Ute Kircheis-Wessel

Personal information
- Born: 18 May 1953 (age 73) North Rhine-Westphalia, West Germany
- Height: 1.70 m (5 ft 7 in)
- Weight: 60 kg (132 lb)

Sport
- Sport: Fencing

Medal record
Representing West Germany
Olympic Games
| Gold medal – first place | 1984 Los Angeles | Foil, team |
World Fencing Championships
| Silver medal – second place | 1977 Buenos Aires | Team foil |
| Silver medal – second place | 1981 Clermont-Ferrand | Team foil |
| Silver medal – second place | 1983 Vienna | Team foil |
| Bronze medal – third place | 1979 Melbourne | Team foil |

= Ute Kircheis-Wessel =

German fencer (born 1953)

Ute Kircheis-Wessel (born Ute Kircheis on 18 May 1953) is a retired German fencer.
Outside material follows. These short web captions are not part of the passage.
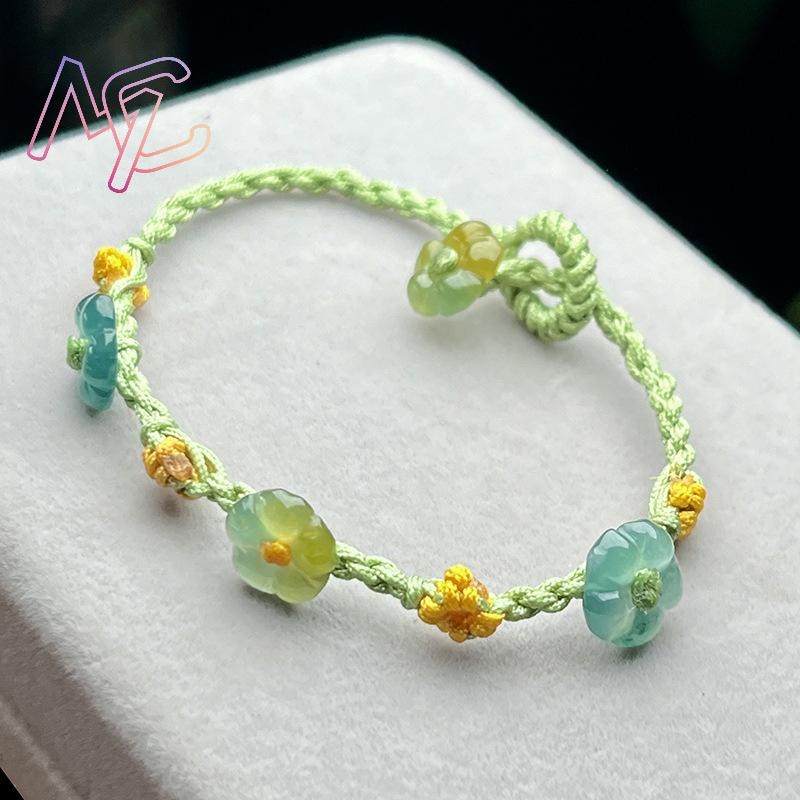 Myanmar Jadeite Flower Bracele - Women Accessories To Gift recension och pris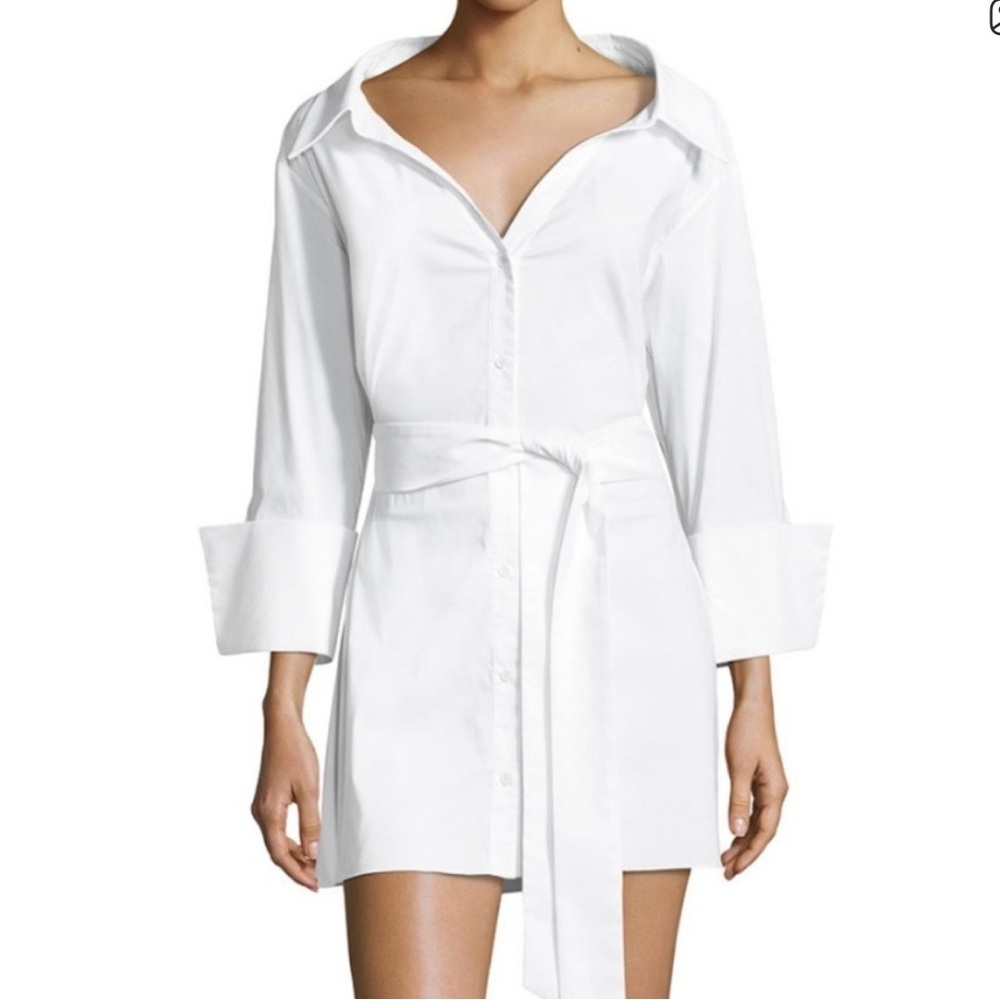 Alice & Olivia Pinstripe Cotton Dress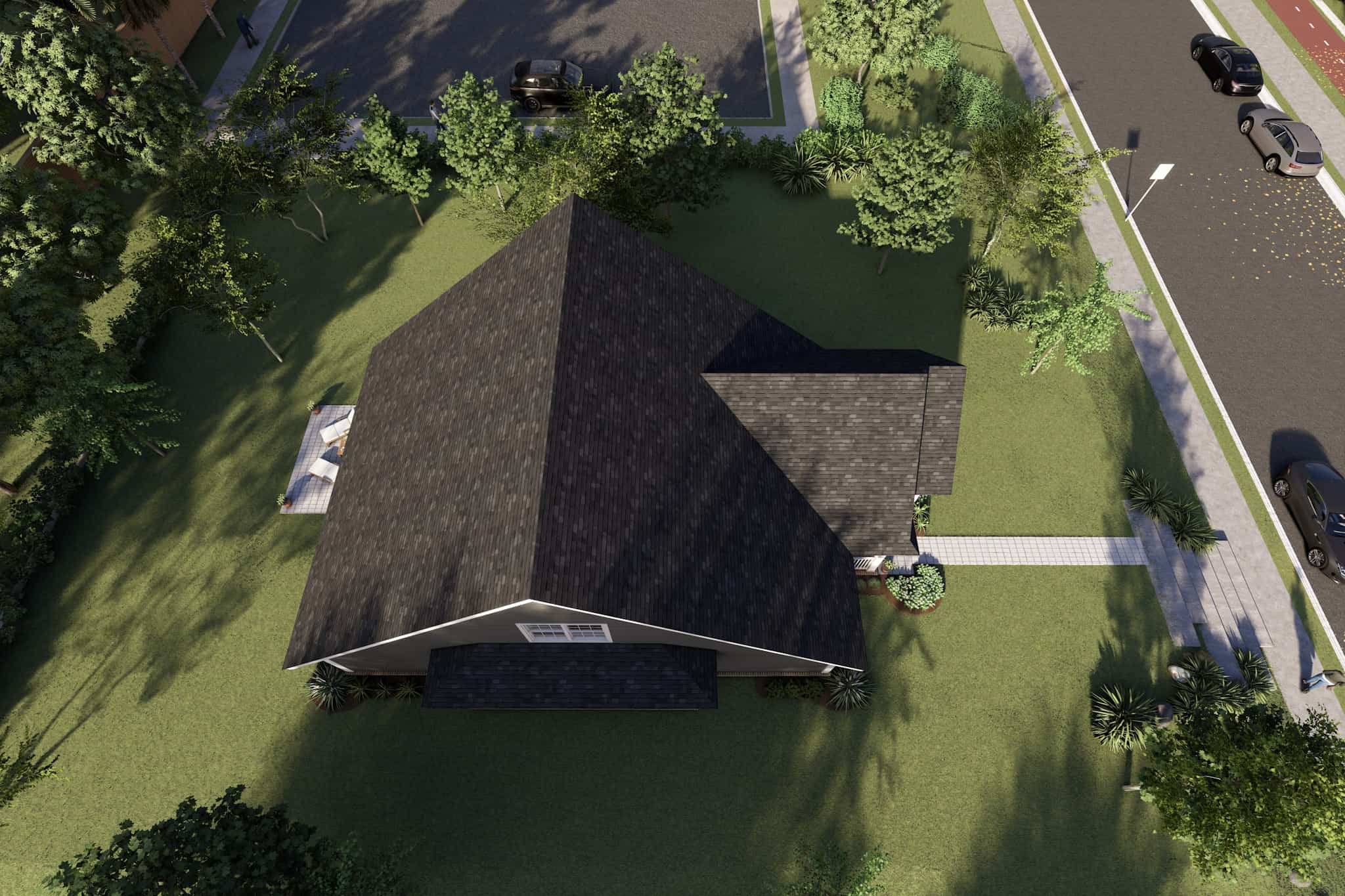 Aerial View of this 4-Bedroom,1940 Sq Ft Plan -178-1216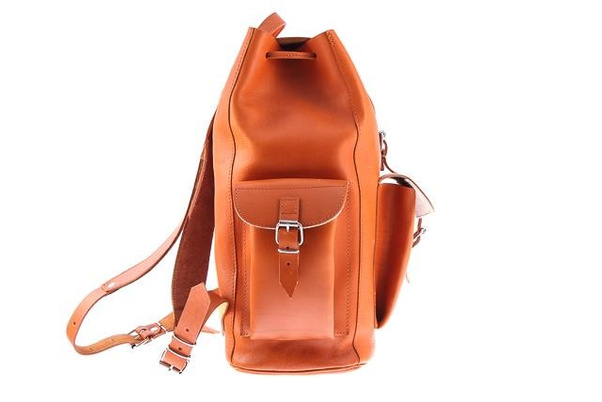 Ogromny plecak skórzany KEMER VOOC Vintage P40 koniak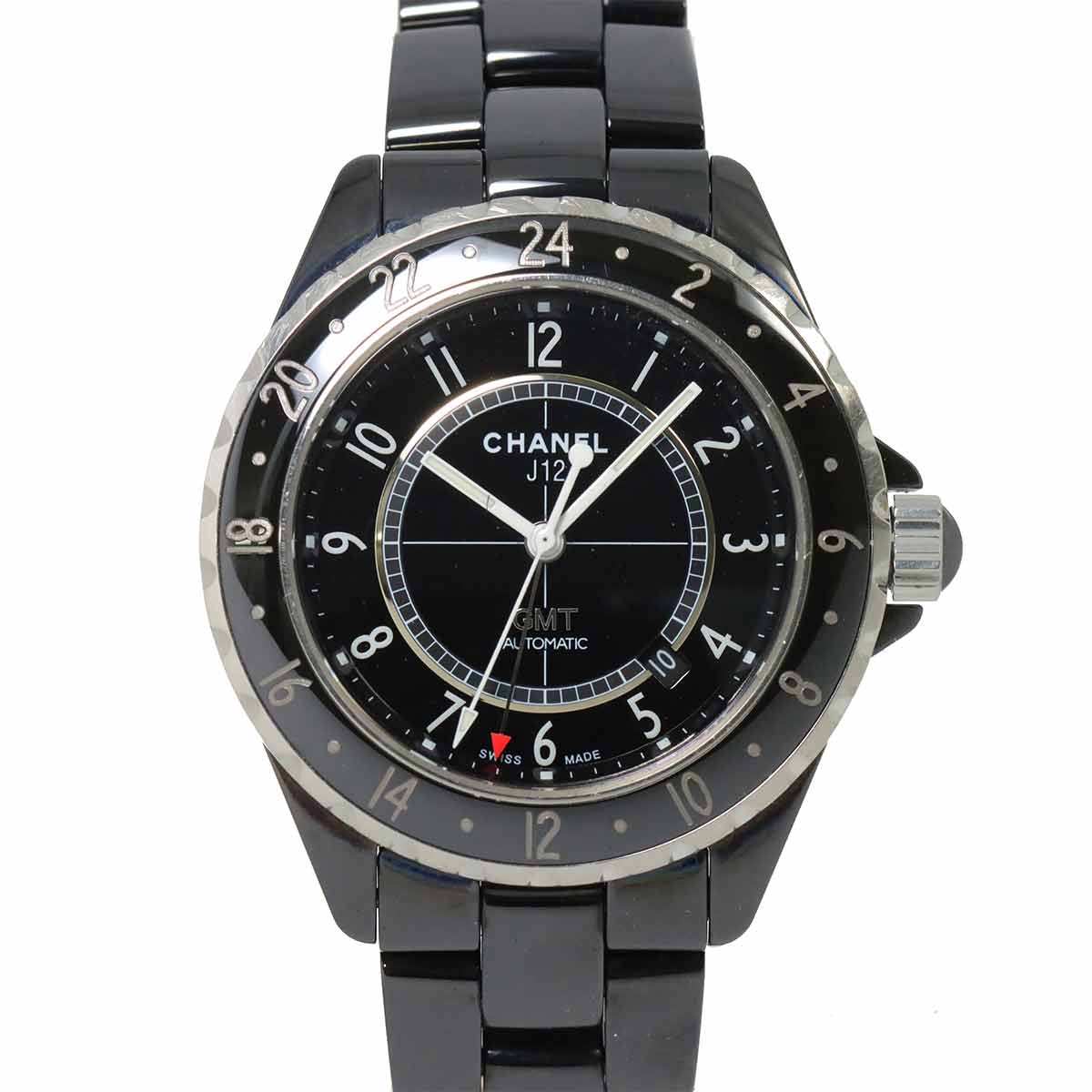 J12 GMT 41mm H2012 Mens Watch Date Black Ceramic Automatic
She won a gold medal in the women's team foil at the 1984 Summer Olympics. At the 1976 Summer Olympics she finished in 32nd and fourth place in the individual and team foil events, respectively. She won four medals at world championships in the team foil between 1977 and 1983. Her brother-in-law Friedrich Wessel is also an Olympic foil fencer.